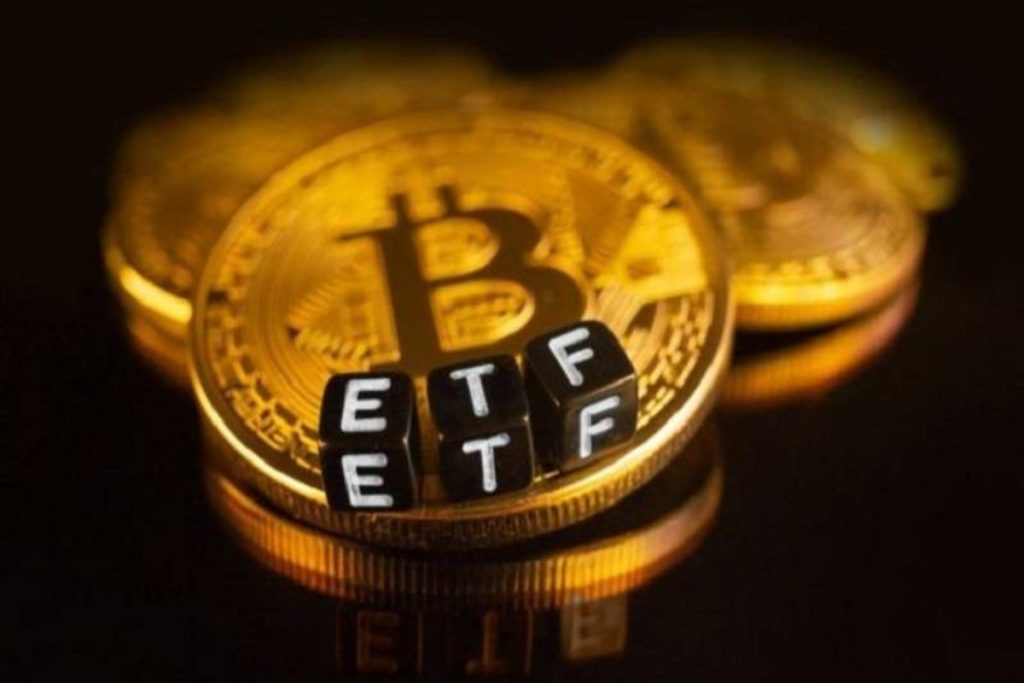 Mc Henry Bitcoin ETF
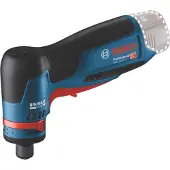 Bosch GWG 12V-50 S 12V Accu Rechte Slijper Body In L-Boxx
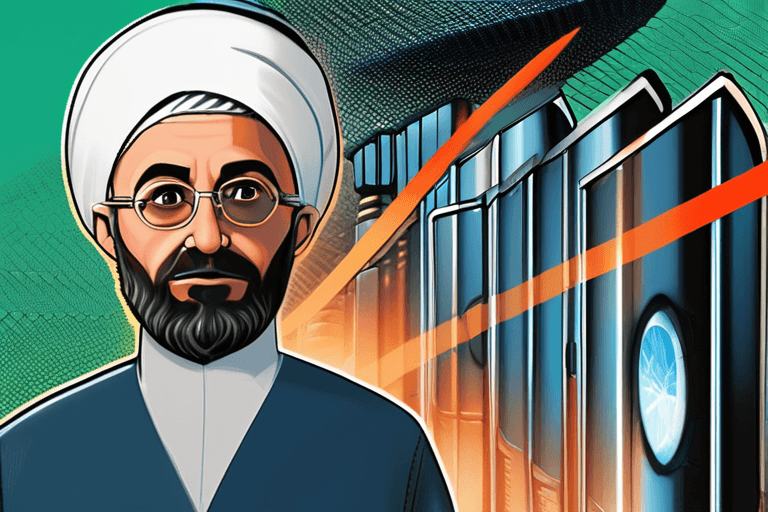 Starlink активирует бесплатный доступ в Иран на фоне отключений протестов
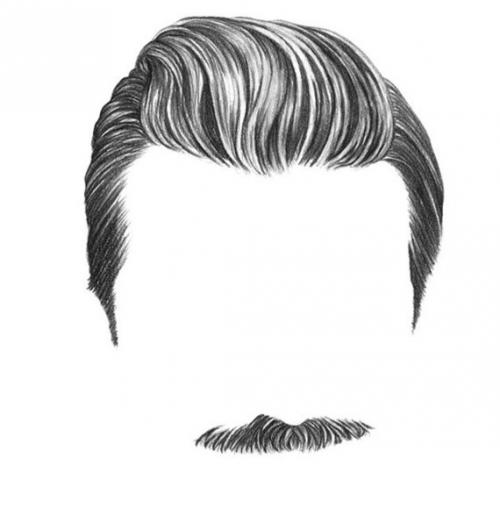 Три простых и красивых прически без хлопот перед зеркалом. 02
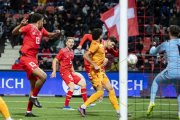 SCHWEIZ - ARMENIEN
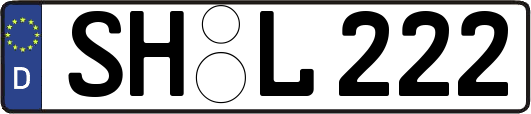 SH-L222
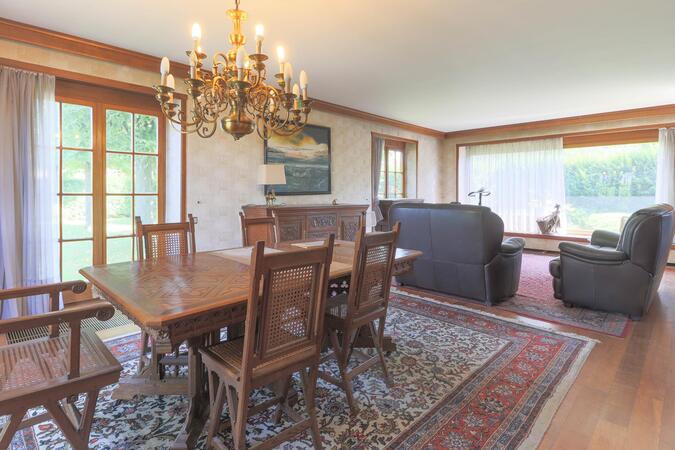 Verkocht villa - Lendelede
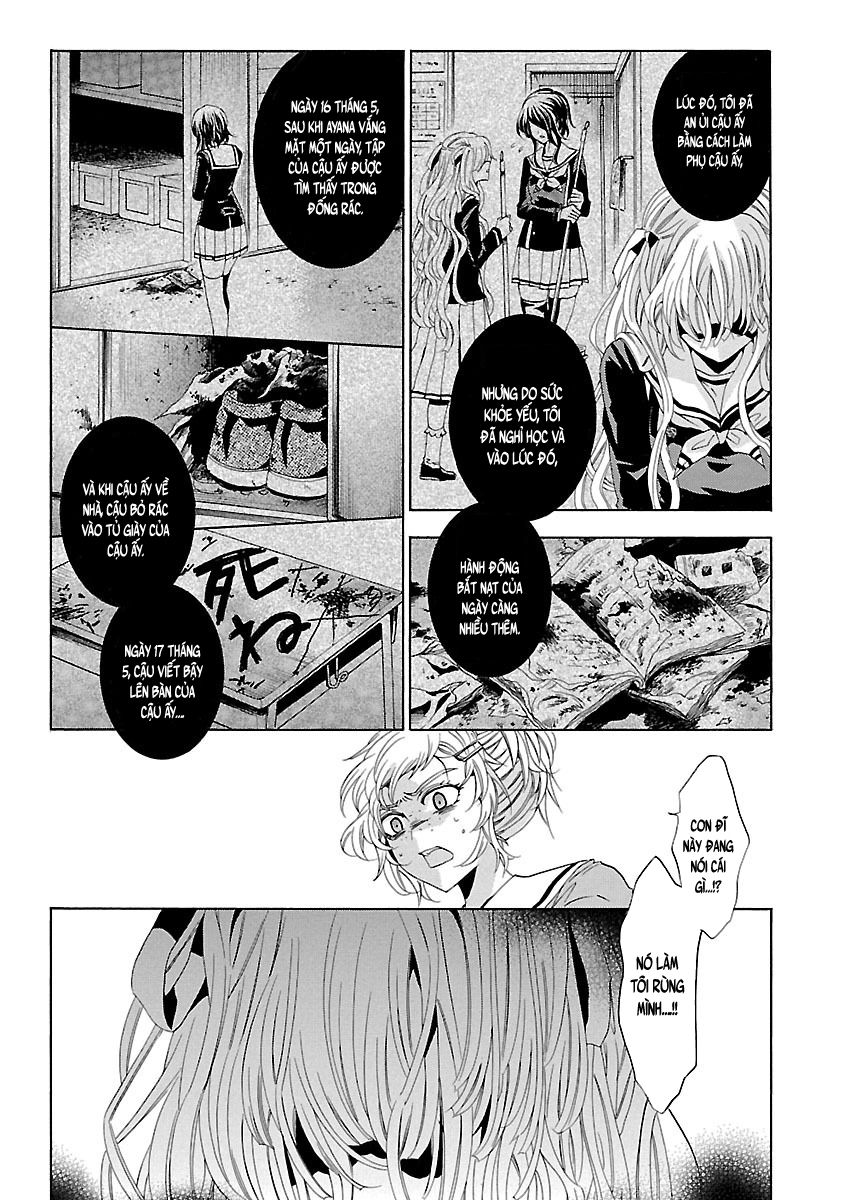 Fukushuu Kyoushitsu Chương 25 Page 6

▶ _Your objective_
Reproduce, exactly and without pictures, the lines above from the one containing "Verkocht villa - Lendelede" through the last line of the material, both ends included, and nothing more.

▶ _Reply_
 Verkocht villa - Lendelede
 Fukushuu Kyoushitsu Chương 25 Page 6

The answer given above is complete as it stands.